Silence Too Much For Colville, So Town Siren Is Turned Back On
COLVILLE, Stevens County - One of Colville's oldest and loudest traditions, its noon siren, is back after briefly disappearing.
For as long as anyone can remember, people here have known it's time for lunch when they hear the ear-piercing wail of the air-raid siren.
Either that or someone's house was burning down. The siren also is used to call out volunteer firefighters who may not hear their electronic pagers.
Mayor Duane Scott shut off the lunch call more than a month ago after a timer battery went dead, causing the siren to sound incessantly.
Luckily, City Clerk Holly Pannell was eating her lunch at City Hall and was able to hit the switch in Scott's office before firefighters - or angry business people - started calling.
"Instead of reprogramming the thing, I said, `Let's see how many people miss it,' " Scott said.
Scott said he had a few complaints from downtown business people about the siren.
"People were complaining that they would be talking to a customer and the thing would go off and they couldn't hear each other," the mayor said.
And, he said, "I had to shut it off on Sundays because the churches were giving me fits. They were giving their closing prayers when the thing would go off, so I turned it off on Sundays years ago."
But not everyone was unhappy with the siren, and its shrill noise was reinstated about a week ago after the number of residents calling City Hall in support increased to about 85.

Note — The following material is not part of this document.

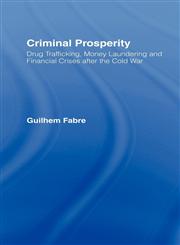 Criminal Prosperity Drug Trafficking, Money Laundering and Financial Crisis After the Cold War,0700714987,9780700714988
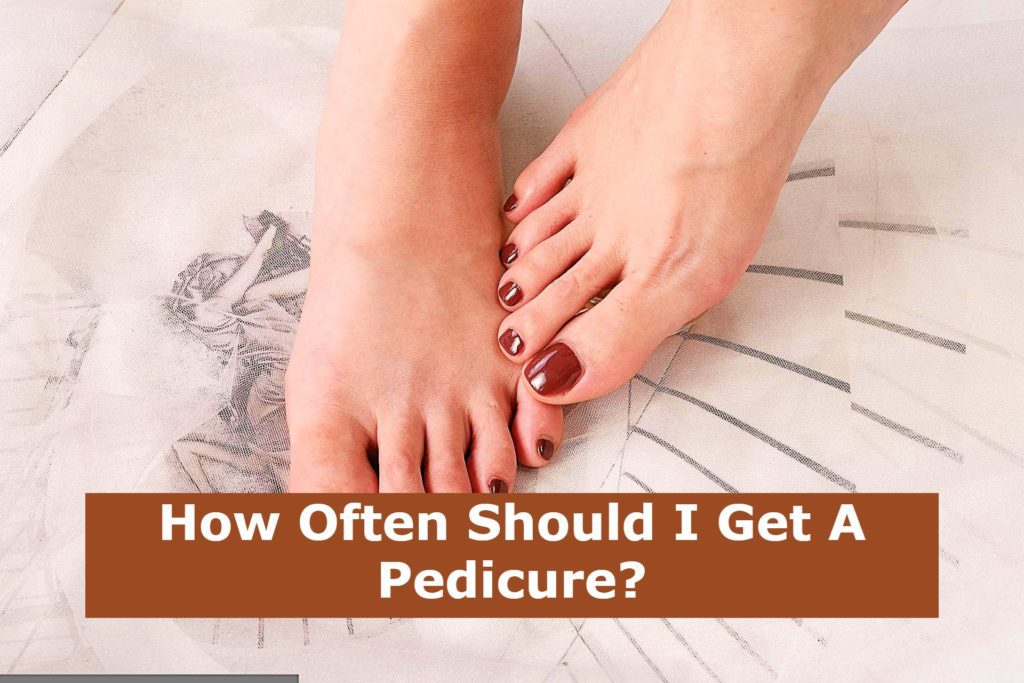 How Often Should You Get a Pedicure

"When I turned it back on, people were cheering in the street," he said.
Although the siren was around long before Scott arrived here as a child in 1942, he suspects its origin is rooted in Colville's history as a sawmill town.
The Vaagen Bros. mill and the now-defunct Robbins mill both tooted steam whistles to let employees know when it was time to eat, time to go back to work, time to go home.
"There were whistles in town that you couldn't believe," Scott recalled.